[BPI-F3]Box64 initially supports RISC-V Vector 1.0 (RVV) extensions with up to 300% performance improvements

Box64 initially supports RISC-V Vector 1.0 (RVV) extensions with up to 300% performance improvements, and the code has been open-source and integrated upstream

Box64 RISC-V back-end uses scalar instructions to simulate MMX, SSE* and other x86_64 vector extensions, achieving good compatibility for rv64gc, but a vector instruction often needs more than a dozen or even dozens of scalar instructions to simulate, so, For x86_64 programs that make heavy use of vector instructions, Box64 has a relatively large performance penalty. Recently, developers from PLCT Lab added preliminary RVV 1.0 support to the Box64 RISC-V backend, submitted more than 30 related PR, and now supports more than 100 SSE instructions to RVV instructions efficient translation.

On SpacemiT K1 (8-core, RVV 1.0, VLEN 256), the performance of the new backend was tested when running dav1d, as shown below.

dav1d is a well-known cross-platform open source AV1 video decoder, and its x86_64 version makes heavy use of SSE instructions. Box64 greatly reduces the performance penalty of binary translation by translating SSE instructions into RVV instructions. As you can see from the figure, with V extended support turned on, the performance score reached 70% of the native version and 300% of the scalar version!
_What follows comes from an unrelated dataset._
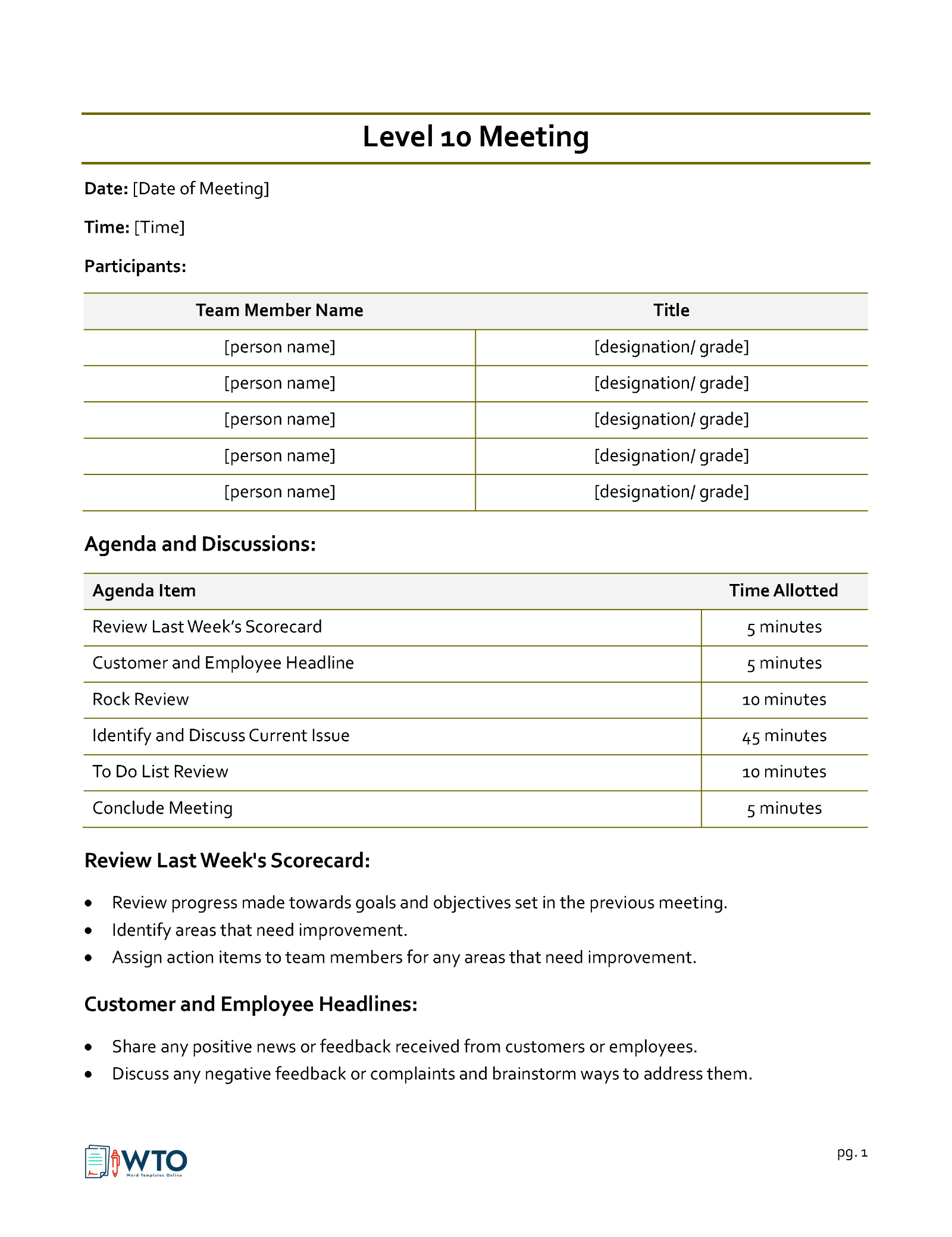 Great Efficient Level 10 Meeting Agenda Template 02 in Word Format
Note that dav1d has a large number of SSE instructions in the hotspot code, so the measured performance improvement is large, for reference only, not universal. Each program has a different performance improvement and needs to be analyzed. In the future, PLCT Lab will continue to improve Box64 RVV 1.0 support. Welcome global developers to participate in RISC-V software ecological construction!